4. Der unabhängige Verwaltungssenat hat Beweis erhoben durch Einsichtnahme in den vorliegenden Verfahrensakt, durch Einholung einer Anfrage an das zentrale Melderegister, sowie durch nieder schriftliche Anhörung des Berufungswerbers im Rahmen des ihm zu gewährenden Parteiengehörs. Darin wurde er zur Darlegung der Umstände dahingehend eingeladen, worin er insbesondere die erhebliche Erleichterung mit der Übertragung erblicken wolle.
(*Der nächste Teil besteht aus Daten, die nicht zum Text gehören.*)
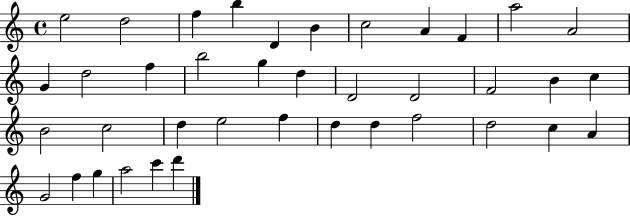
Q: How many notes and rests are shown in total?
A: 39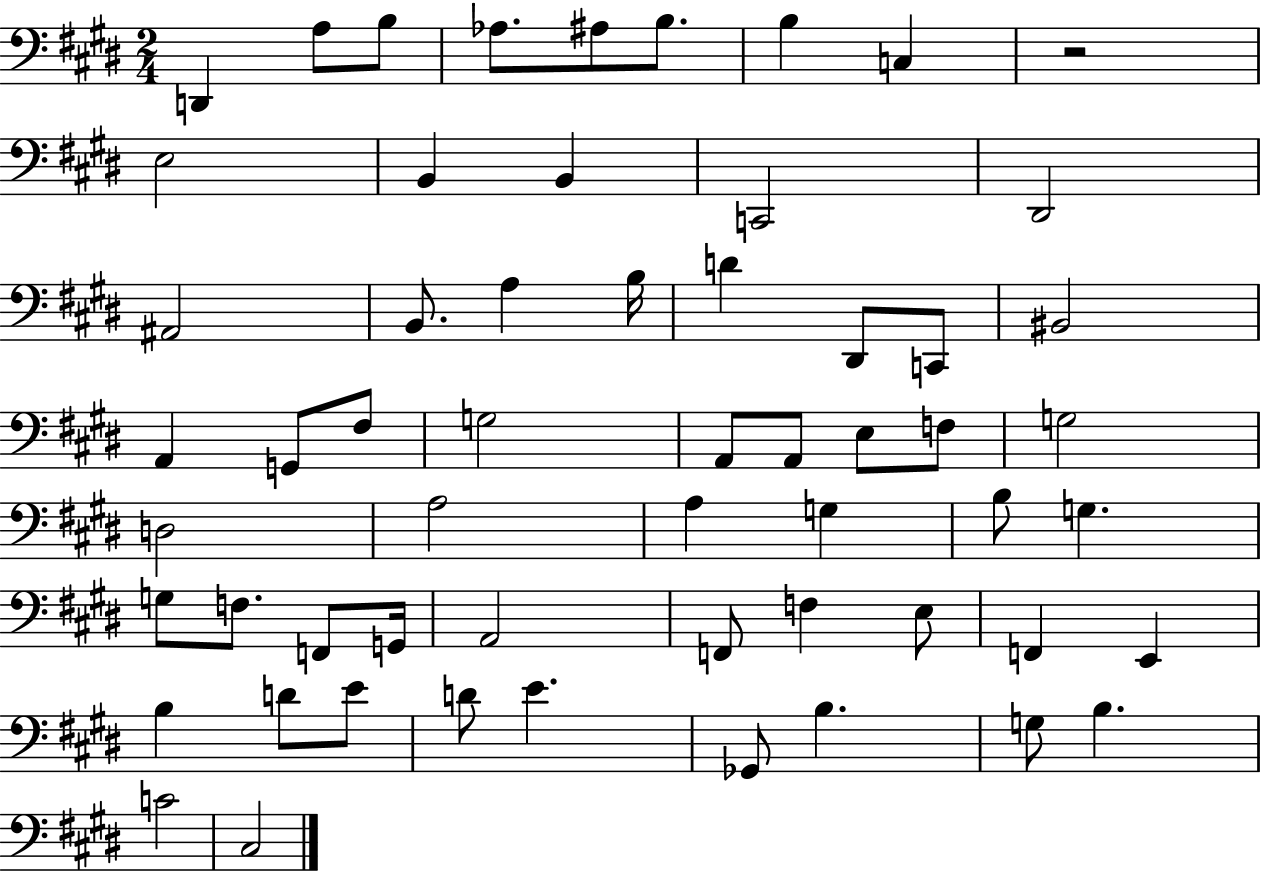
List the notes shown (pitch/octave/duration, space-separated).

D2/q A3/e B3/e Ab3/e. A#3/e B3/e. B3/q C3/q R/h E3/h B2/q B2/q C2/h D#2/h A#2/h B2/e. A3/q B3/s D4/q D#2/e C2/e BIS2/h A2/q G2/e F#3/e G3/h A2/e A2/e E3/e F3/e G3/h D3/h A3/h A3/q G3/q B3/e G3/q. G3/e F3/e. F2/e G2/s A2/h F2/e F3/q E3/e F2/q E2/q B3/q D4/e E4/e D4/e E4/q. Gb2/e B3/q. G3/e B3/q. C4/h C#3/h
Über das Ergebnis wurde der Behörde erster Instanz formlos ebenfalls Parteiengehör gewährt, wobei auf eine Stellungnahme verzichtet wurde (AV v. 10.9.2013 ON 3).
4.1. Folgender entscheidungswesentlicher Sachverhalt liegt der Berufungsentscheidung zu Grunde:
Der Berufungswerber ist seit 30. Jänner 1992 mit Hauptwohnsitz in St. Valentin an der gegenwärtigen Adresse gemeldet. Weiters findet sich seit 10.10.2011, als Nebenwohnsitz x (Studentenheim) eingetragen. Er ist seit dem Jahr 2009 in der väterlichen Fahrschule tätig, wobei verfahrensgegenständlich der Erwerb der Lehrbefähigung als Fahrschullehrer für die Führerscheinklasse B angestrebt wird.
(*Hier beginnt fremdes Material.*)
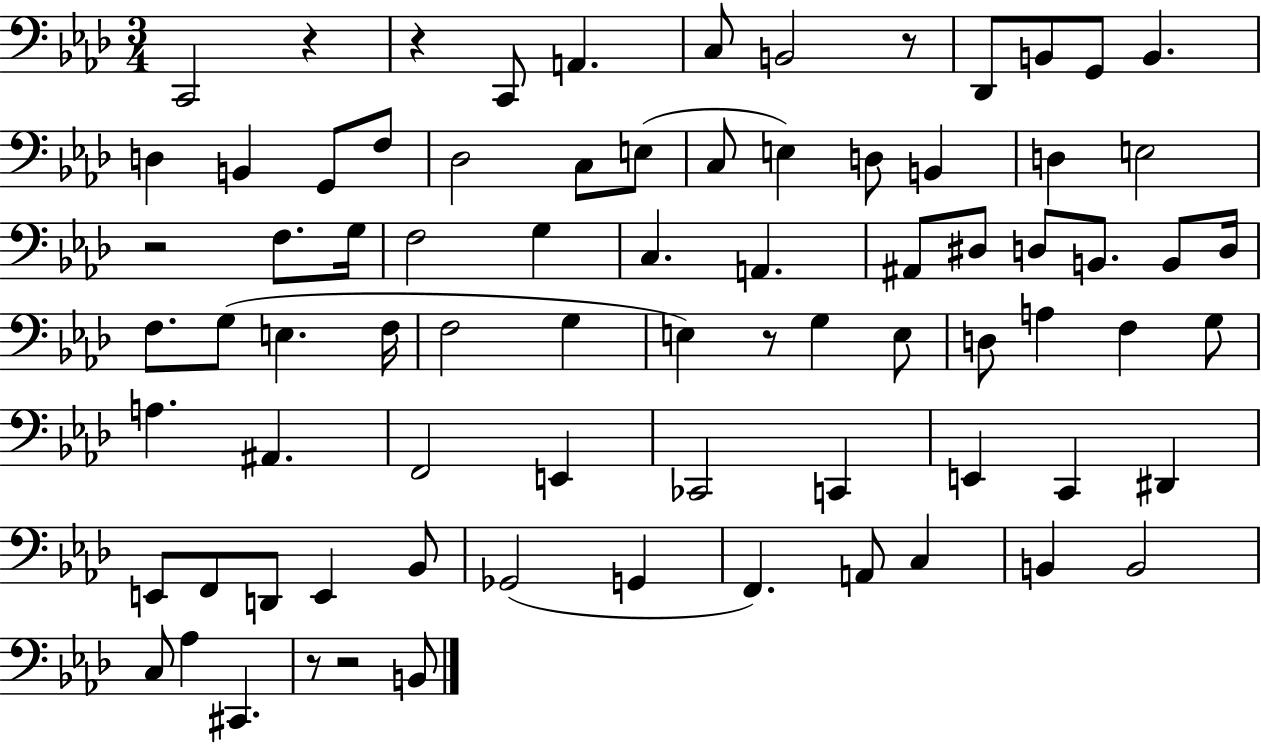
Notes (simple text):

C2/h R/q R/q C2/e A2/q. C3/e B2/h R/e Db2/e B2/e G2/e B2/q. D3/q B2/q G2/e F3/e Db3/h C3/e E3/e C3/e E3/q D3/e B2/q D3/q E3/h R/h F3/e. G3/s F3/h G3/q C3/q. A2/q. A#2/e D#3/e D3/e B2/e. B2/e D3/s F3/e. G3/e E3/q. F3/s F3/h G3/q E3/q R/e G3/q E3/e D3/e A3/q F3/q G3/e A3/q. A#2/q. F2/h E2/q CES2/h C2/q E2/q C2/q D#2/q E2/e F2/e D2/e E2/q Bb2/e Gb2/h G2/q F2/q. A2/e C3/q B2/q B2/h C3/e Ab3/q C#2/q. R/e R/h B2/e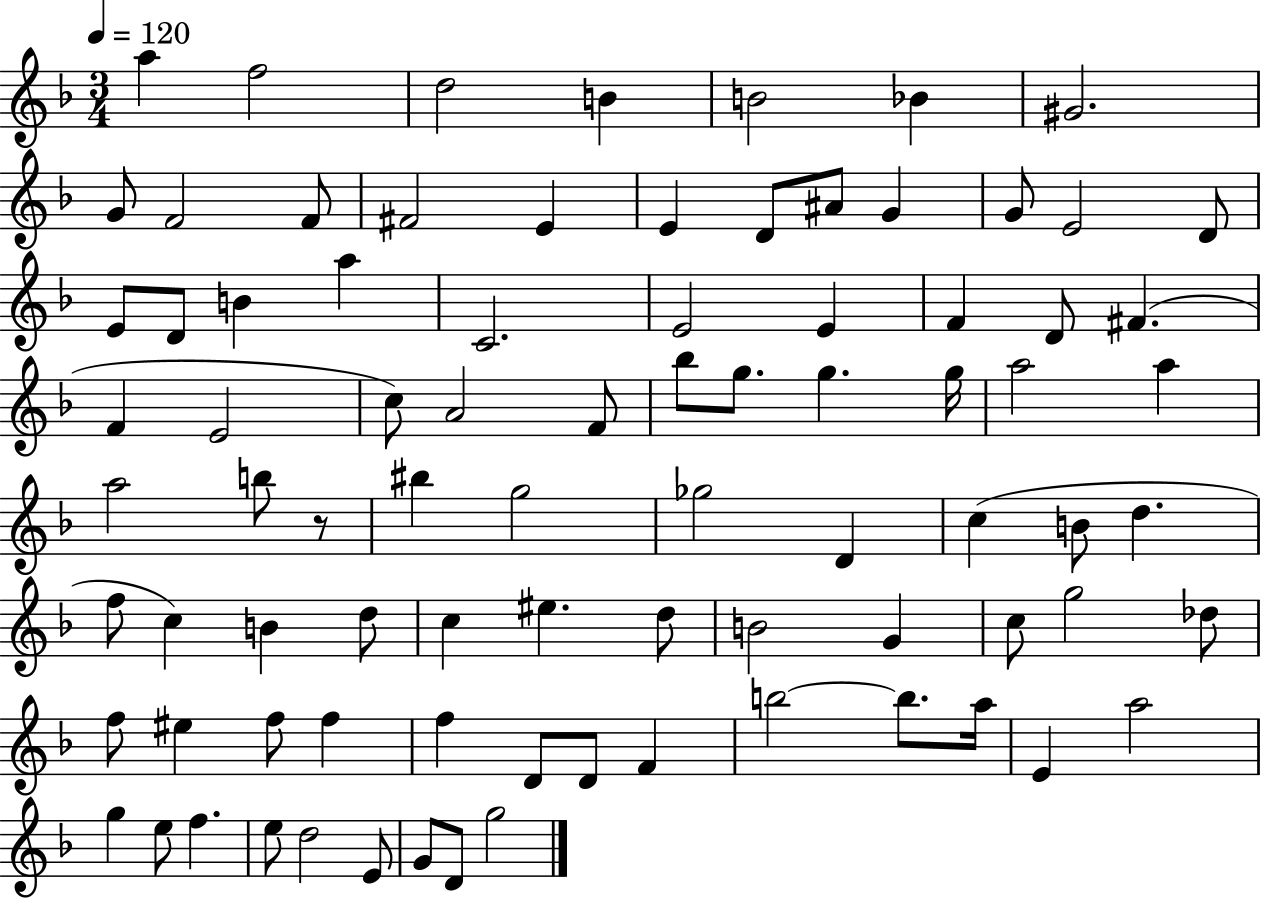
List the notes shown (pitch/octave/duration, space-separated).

A5/q F5/h D5/h B4/q B4/h Bb4/q G#4/h. G4/e F4/h F4/e F#4/h E4/q E4/q D4/e A#4/e G4/q G4/e E4/h D4/e E4/e D4/e B4/q A5/q C4/h. E4/h E4/q F4/q D4/e F#4/q. F4/q E4/h C5/e A4/h F4/e Bb5/e G5/e. G5/q. G5/s A5/h A5/q A5/h B5/e R/e BIS5/q G5/h Gb5/h D4/q C5/q B4/e D5/q. F5/e C5/q B4/q D5/e C5/q EIS5/q. D5/e B4/h G4/q C5/e G5/h Db5/e F5/e EIS5/q F5/e F5/q F5/q D4/e D4/e F4/q B5/h B5/e. A5/s E4/q A5/h G5/q E5/e F5/q. E5/e D5/h E4/e G4/e D4/e G5/h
Am 5.6.2013 stellte er an die Bezirkshauptmannschaft Amstetten den Antrag das Verfahren an den Ort seiner Ausbildung nach Oberösterreich zu übertragen. Diesem Ansuchen waren offenbar mehrere Bestätigungen und Zertifikate über seine bis dahin abgeschlossene Ausbildung beigefügt, wobei von der über-tragenden Behörde die rechtlichen Voraussetzungen für die Übertragung als gegeben erachtet wurden.
Im Akt befindet sich ein E-Mail vom 6.6.2013 des Dr. x, als den für das Fahrschulwesen zuständigen Bediensteten des Amtes der Oö. Landesregierung - Abteilung Verkehr, an die Behörde 1. Instanz. Diese hat im Ergebnis zum Inhalt, dass seitens der Oberbehörde die Voraussetzungen der Übertragung der Zuständigkeit negativ zu beurteilen wären, da weder eine Vereinfachung des Verfahrens anzunehmen sei und die Ausbildung in Niederösterreich stattgefunden habe. Diese verkürzte Darstellung erweist sich letztlich als nicht zutreffend.
Mit einem E-Mail vom 5.6.2013 eines Herrn x, als offenbar Verantwortlichen der Ausbildungsstätte in Linz-Ebelsberg bestätige dieser der übertragenden Behörde, dass die Ausbildung zur Gänze in „unserer Ausbildungsstätte in St. Valentin und am Ausbildungsort in Ebersberg“ absolviert worden sei.
In einem Schreiben der belangten Behörde vom 10.6.2013 an den Sachbearbeiter der Bezirkshauptmannschaft Amstetten, wird in Anlehnung an die Rechtsmeinung der Oberbehörde die Zurückweisung des Antrages mangels Zuständigkeit angekündigt.
Da die Ausbildungsstätten Linz-Ebelsberg erst mit Bescheid vom 2.4.2013 genehmigt wurde, könne die Ausbildung noch nicht zur Gänze oder zum Großteil noch nicht in Ebersberg gemacht worden sein, so die Mitteilung der Behörde erster Instanz an die übertragende Behörde.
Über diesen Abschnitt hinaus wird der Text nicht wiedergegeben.